Elsevier

Knowledge-Based Systems

Volume 28, April 2012, Pages 1-12
Knowledge-Based Systems

Interest-based real-time content recommendation in online social communities

https://doi.org/10.1016/j.knosys.2011.09.019Get rights and content

Abstract

The fast-growing popularity of online social communities and the massive amounts of user-generated content pose a critical need for, and new challenges on, content recommender system. The system needs to identify the unique and diverse interests of individual users and deliver content to interested users on a real-time basis. In this work, we propose Farseer, a system for personalized real-time content recommendation and delivery in online social communities. The proposed solution consists of a set of integrated offline and online algorithms that identify and utilize unique item-based interest clusters and cluster-based item rating in order to recommend newly-generated content items to individual users in real time. Our main contributions are (1) a detailed analysis of content popularity distribution and user interest distribution in online social communities; (2) a novel interest-based clustering and cluster-based content recommendation solution; and (3) a complete implementation and deployment in an online social community.
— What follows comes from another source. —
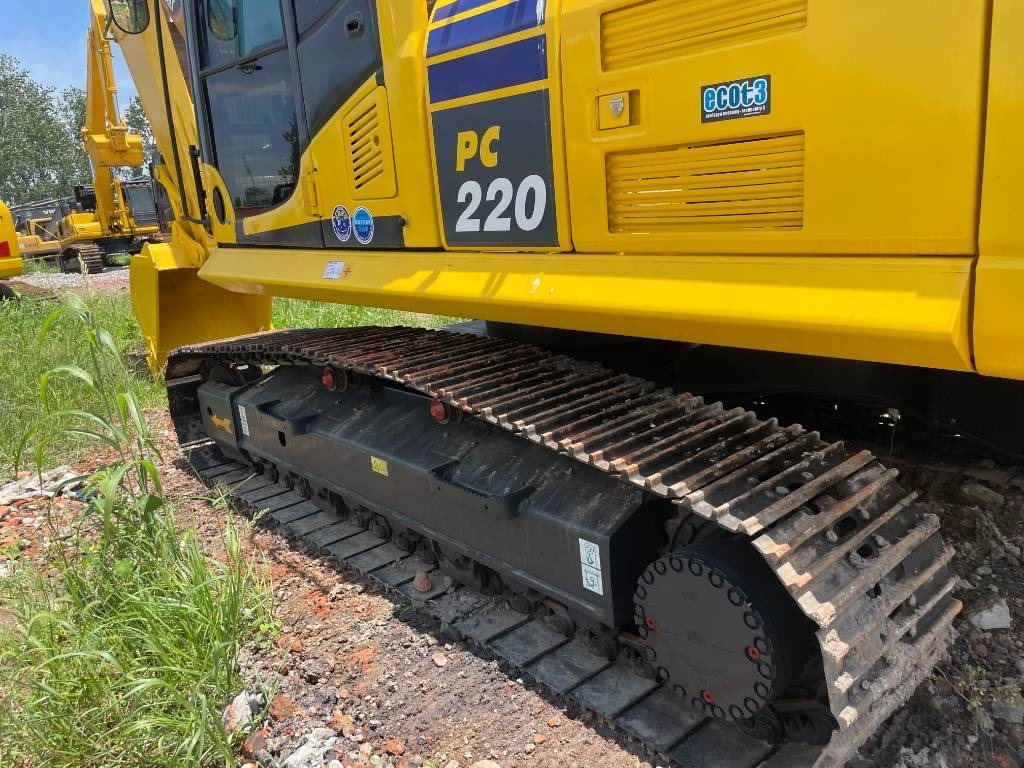 Komatsu PC 220 - Crawler excavator: picture 3 Komatsu PC 220 - Crawler excavator: picture 3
Evaluation results gathered from real-world user studies demonstrate that the proposed system outperforms three widely-used collaborative filtering algorithms (kNN, PLSA, SVD) in existing recommender systems. It can effectively identify personal interests and improve the quality and efficiency of real-time personalized content recommendation in online social communities.

Introduction

Online social communities, also referred to as online social networks or member communities, have enjoyed explosive growth during the recent years and are now among the most visited websites on the Internet. Existing online social communities, such as Facebook, Livejournal, and Twitter, provide rich functionalities for online users to create, explore, and share interested content within various social forums and groups. Everyday, a large number of user-generated content items are posted online on a real-time basis. These data items are highly-dynamic and diverse, directly reflecting the unique interests of individual users. The fast-growing popularity of online social communities and the massive user-generated content pose a critical need for, also a great challenge, on identifying the unique interests of individual users and recommend content in real time.
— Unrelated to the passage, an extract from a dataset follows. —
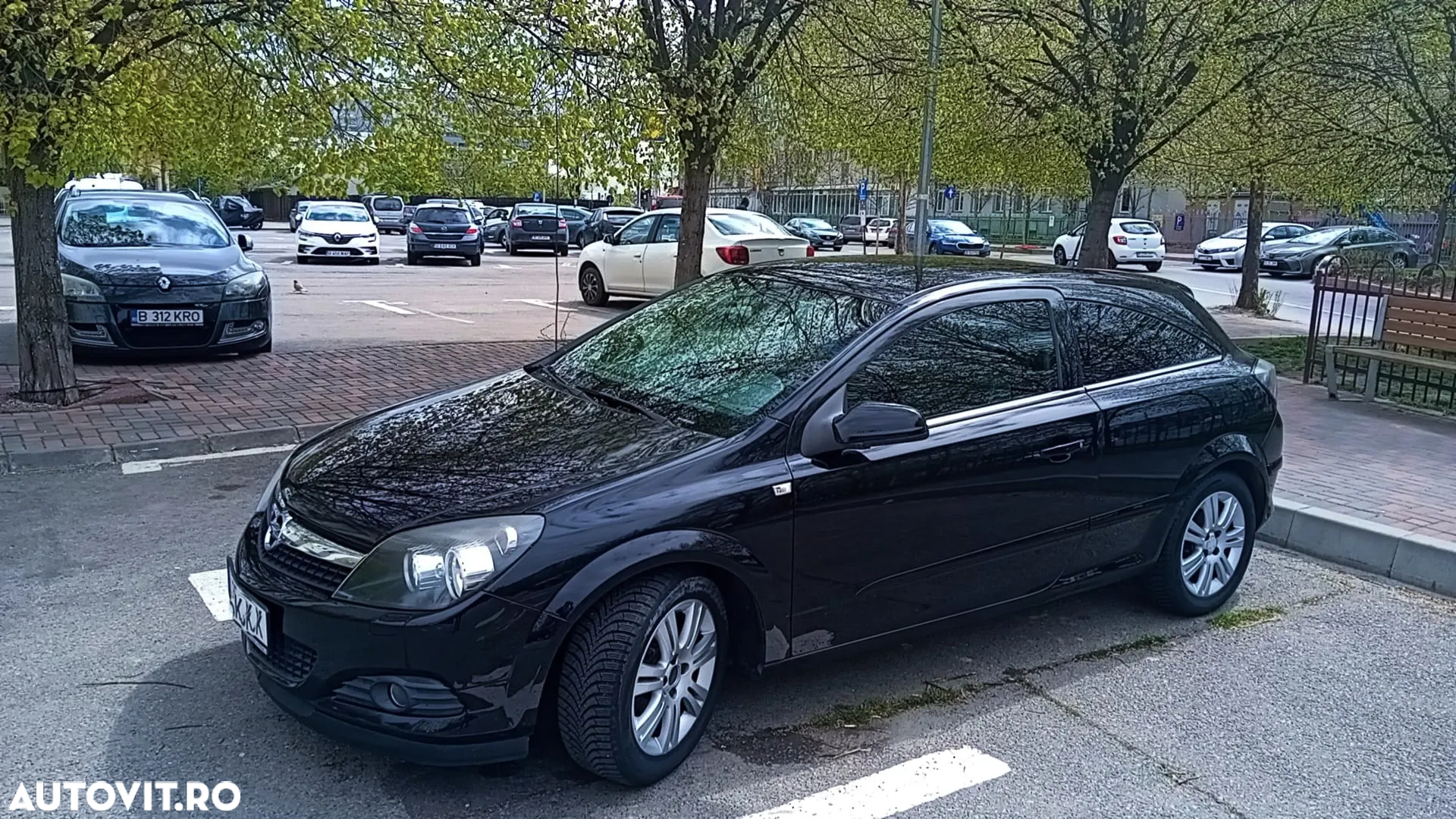 Opel Astra GTC 1.4i Cosmo - 2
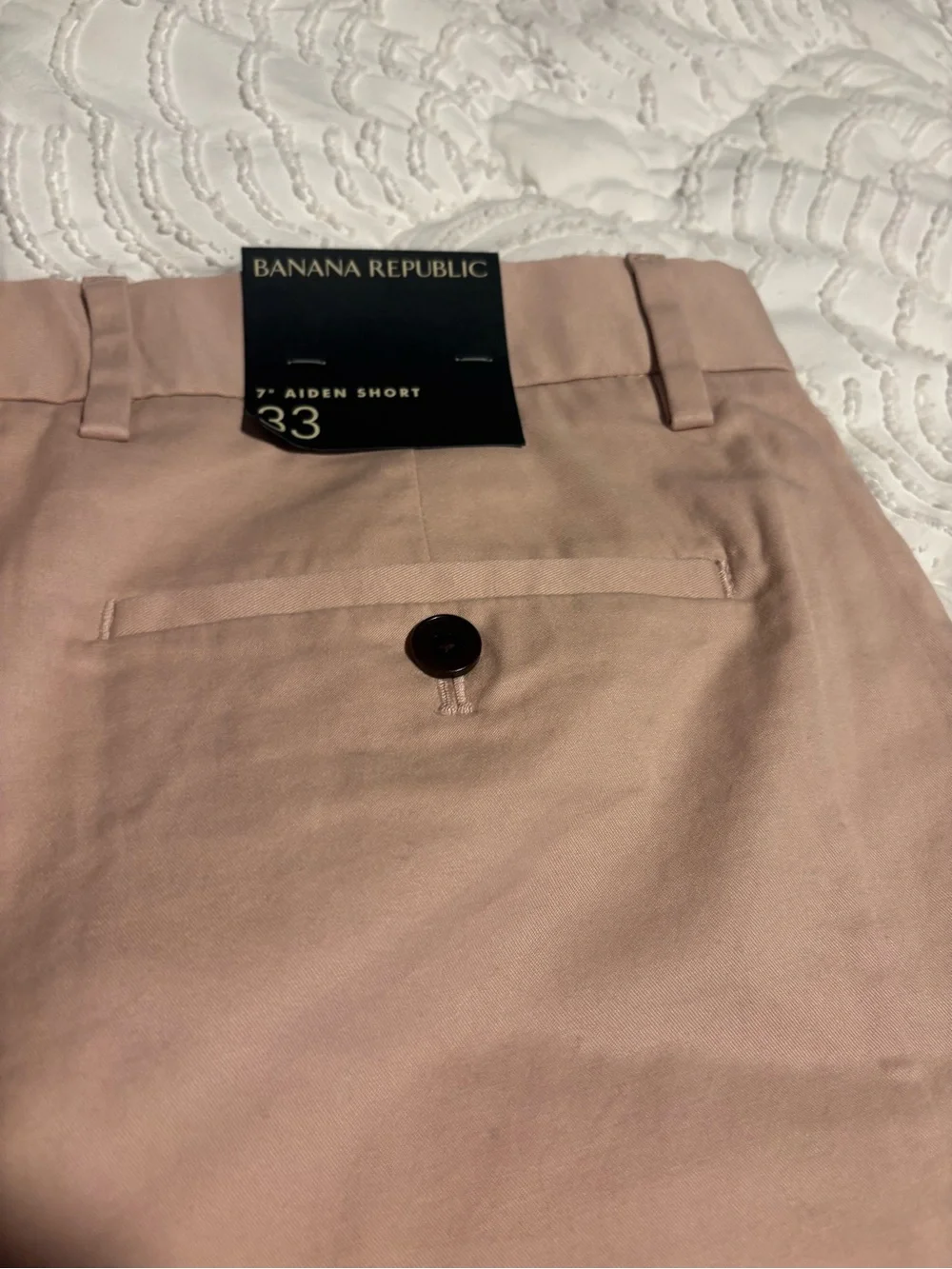 Banana Republic Men's NWT Aiden Chino  Shorts Pale Pink size 33 7 inches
A number of recommendation algorithms and systems have been developed, targeting diverse recommendation scenarios ranging from movies and products to dynamic news articles. Collaborative filtering (CF) is a class of information filtering techniques that identify and leverage the common knowledge or patterns shared among a group of users or agents [12]. Recent studies have demonstrated the potential of using CF to address the content recommendation challenge in online social communities [21]. Over the years, exemplary systems, such as Google News [6] and Amazon e-commerce [7], have gradually adopted CF techniques into their content recommender systems to help identify user-interested content. However, most existing content recommender systems suffer from a common flaw – they tend to yield biased decisions favoring highly popular content, and have difficulties in judging the content with low popularities. This is mainly due to the challenge of accurately characterizing the highly diverse yet unique interests of online users. Using existing CF techniques, users sharing highly popular content (i.e., common interests) tend to be classified as similar to each other. The unique interests of each individual are thus difficult to capture. For instance, in an online basketball forum, Alice is interested in the top NBA teams, but also supports her own home team. Since most of the online posts are devoted to the top, hence more popular, NBA teams, Alice is considered to be very similar to other people in the forum by CF. As a result, posts of Alice’s home team may not be recommended to Alice as others are not interested and thus are less popular. A related problem, focusing on content diversification, was recently studied by Yu et al. [22], and techniques were proposed to compromise accuracy for diversity.

In this work, we propose and develop Farseer, a system for personalized real-time content recommendation and delivery in online social communities. Through interest-based content–user clustering and cluster-based content recommendation, plus the temporal context of online user activities, Farseer can accurately characterize the interests of individual users and deliver content to interested users in real time. As shown in Fig. 1, Farseer consists of the following key components: (1) a real-time content recommendation server that supports data management, data analysis, interest-based content–user clustering, and cluster-based content recommendation; (2) a social community crawler that collects content and user activity updates in online social communities; and (3) a user-friendly browser plug-in that supports system–user interactions. Our work makes the following contributions:

  • A detailed data analysis to understand the discrepancy between content popularity distribution and user interest distribution in online social communities. This study reveals the limitation of the biased decisions of existing CF methods and their inability to accurately assess and deliver less popular content to interested users.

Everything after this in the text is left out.